**TASK TO CARRY OUT:**
Would you please transcribe, exactly as written, the lines of the entries below starting at the one that holds "Baby Cot Set( Prince" and ending at the one that holds "9 paar zachte", both included?

[Crawled caption data]
=====
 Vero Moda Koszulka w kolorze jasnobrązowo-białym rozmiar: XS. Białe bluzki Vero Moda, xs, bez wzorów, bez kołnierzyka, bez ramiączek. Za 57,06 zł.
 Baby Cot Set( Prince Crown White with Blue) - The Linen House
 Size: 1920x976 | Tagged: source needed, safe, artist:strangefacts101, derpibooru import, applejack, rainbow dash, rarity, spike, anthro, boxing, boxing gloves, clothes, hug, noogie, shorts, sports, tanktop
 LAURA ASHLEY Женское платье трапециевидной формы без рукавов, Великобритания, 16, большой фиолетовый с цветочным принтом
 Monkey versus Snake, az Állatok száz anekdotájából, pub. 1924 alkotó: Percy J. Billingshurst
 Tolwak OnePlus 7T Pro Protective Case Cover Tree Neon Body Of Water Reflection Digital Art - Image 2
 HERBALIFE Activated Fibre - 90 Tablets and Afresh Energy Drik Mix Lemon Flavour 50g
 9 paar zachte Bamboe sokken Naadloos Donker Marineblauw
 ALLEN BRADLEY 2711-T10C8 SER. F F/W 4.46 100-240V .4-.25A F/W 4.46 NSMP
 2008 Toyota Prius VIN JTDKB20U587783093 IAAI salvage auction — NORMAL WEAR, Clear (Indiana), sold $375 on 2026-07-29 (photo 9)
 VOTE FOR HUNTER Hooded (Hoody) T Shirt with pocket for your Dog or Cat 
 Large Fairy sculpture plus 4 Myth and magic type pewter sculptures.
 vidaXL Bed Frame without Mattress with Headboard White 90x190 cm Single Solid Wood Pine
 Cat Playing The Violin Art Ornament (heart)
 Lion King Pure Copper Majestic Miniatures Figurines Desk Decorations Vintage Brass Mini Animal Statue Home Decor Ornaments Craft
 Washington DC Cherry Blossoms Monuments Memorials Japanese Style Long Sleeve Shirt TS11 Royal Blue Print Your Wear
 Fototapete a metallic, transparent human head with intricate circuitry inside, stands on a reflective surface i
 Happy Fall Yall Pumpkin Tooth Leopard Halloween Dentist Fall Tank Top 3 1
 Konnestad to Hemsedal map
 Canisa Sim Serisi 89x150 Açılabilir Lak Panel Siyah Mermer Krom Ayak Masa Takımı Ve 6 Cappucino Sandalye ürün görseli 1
=====
**SOLUTION TO THIS EXERCISE:**
 Baby Cot Set( Prince Crown White with Blue) - The Linen House
 Size: 1920x976 | Tagged: source needed, safe, artist:strangefacts101, derpibooru import, applejack, rainbow dash, rarity, spike, anthro, boxing, boxing gloves, clothes, hug, noogie, shorts, sports, tanktop
 LAURA ASHLEY Женское платье трапециевидной формы без рукавов, Великобритания, 16, большой фиолетовый с цветочным принтом
 Monkey versus Snake, az Állatok száz anekdotájából, pub. 1924 alkotó: Percy J. Billingshurst
 Tolwak OnePlus 7T Pro Protective Case Cover Tree Neon Body Of Water Reflection Digital Art - Image 2
 HERBALIFE Activated Fibre - 90 Tablets and Afresh Energy Drik Mix Lemon Flavour 50g
 9 paar zachte Bamboe sokken Naadloos Donker Marineblauw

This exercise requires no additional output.